His fate is soon realized after getting bitten by a radioactive dragonfly during a class field trip. He begins to develop new superhuman strengths and can even climb up walls with ease. The transformation comes not a moment too soon as evil scientist Lou Landers (Christopher McDonald) creates a new device that helps him fight his terminal illness. By taking the lives of innocent victims, their vitality adds days to his life. He takes on the name Hourglass as a reference to his mission. Only a mass murder can realize his dreams of living immortal.

With the help of superhero mentor Professor Xavier (Tracy Morgan) and the wise yet insensitive wisdom of Jill, Rick (with a new alter-ego known as The Dragonfly) has to look deep within himself to find the courage to take on his new calling and save the world from the evil Hourglass.

As you've probably guessed by now, this film is essentially a reworking of 2002's Spiderman. The subplots poke fun at elements from Batman Begins and X-Men just to name a few. Parody fans should be rest assured that the idea is in good hands. David Zucker's influence is evident in nearly every scene. All the rules for success in the genre are followed. For instance, the actors play their parts straight, meaning that they are completely oblivious to the ridiculous sight gags around them. Leslie Nielsen has made a living off this sort of art for the past few decades. Drake Bell and Sara Paxton are both new to the game but appear to have been coached very well.

Another Zucker trademark is the play on words. In one scene, Landers arrives at the Riker's Thanksgiving dinner and explains that occasions like these mean a lot to him because he never had much of a family and never married. Jill holds up a fruitcake and asks "Fruitcake?" in an offering manner. Landers with his back turned replies "Nope. Just haven't met the right woman."

This use of clever comedy is balanced with cheap cliche comedy that is sometimes still funny. If sex and fart jokes are too lowbrow for you, it's best to avoid this movie because it is full of both. It may also not appeal to those that look down upon slapstick. Rick Riker is a klutz after all and the film will remind you of this fact every five minutes or so.

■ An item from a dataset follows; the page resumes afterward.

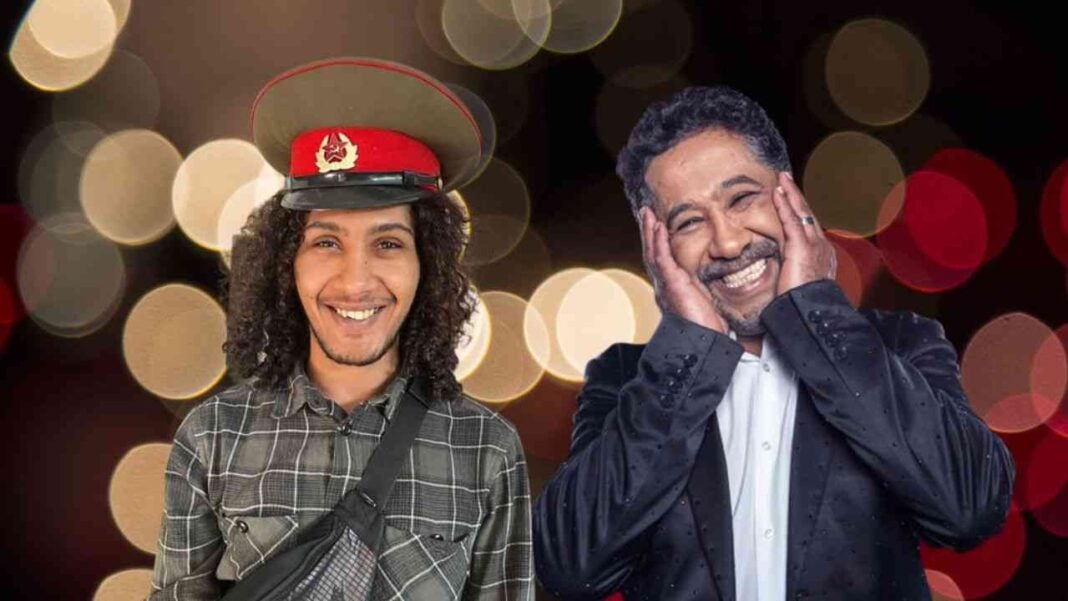 L’Algérien Cheb Khaled compte envoyé son fils en prison Deux hommes souriants lors d'une soirée festive avec lumières floues en arrière-plan.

The biggest offender that prevents this film from becoming the classic I so desperately want it to be is the fact that Mazin and Zucker completely plagiarize themselves at times. Not only do several "Rick hurts himself" scenes recycle during the movie but the second-to-last scene is taken directly from the ending of the first Naked Gun movie. Stephen Hawking meets the same fate as O.J. Simpson's character.

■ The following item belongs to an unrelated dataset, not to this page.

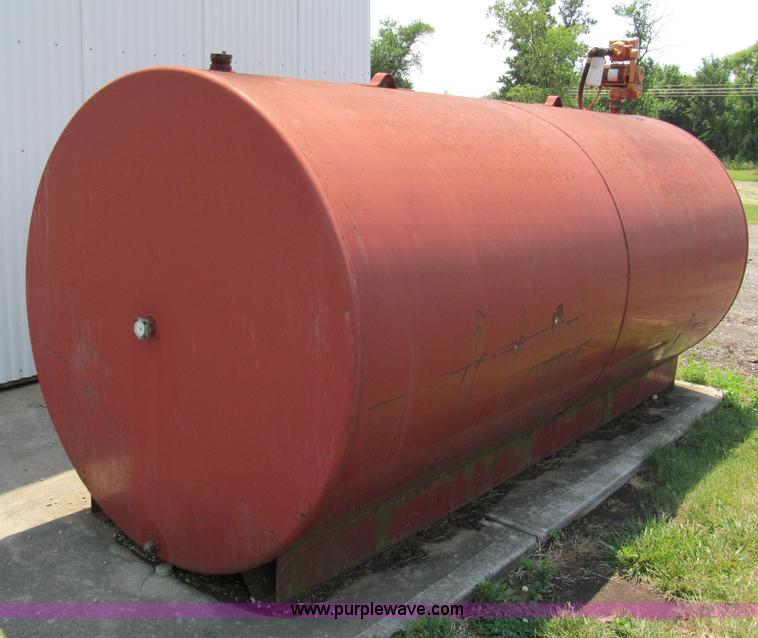 image for item C2235 2,000 gallon fuel tank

Oh yes, Stephen Hawking. I forgot to mention him. A foul-mouthed version of the famous scientist appears as comic relief inside a movie that is already nothing but comic relief. Hawking's catatonic condition leads him to all sorts of bad situations such as getting stuck in a bee's nest and spilling hot coffee all over himself. Making fun of someone because of something they can't help always rubs me the wrong way. Evidently however, I hear that the real Hawking has a strong sense of humor himself and doesn't mind being parodied so perhaps I am a bit over-sensitive here. Point being though, it's not a film for the easily offended. But if you're already familiar with Zucker's track record, that shouldn't come as a surprise.

I had a really really good time watching this movie. However, in the spirit of objectivity, I can't recommend it to anyone other than longtime fans of Zucker spoofs. It's a huge step in the right direction when you compare it to the Friedberg/Seltzer junk but it doesn't have enough creativity to work for a large crowd.

Then again, these movies are not made for large crowds anyway. So who am I to complain?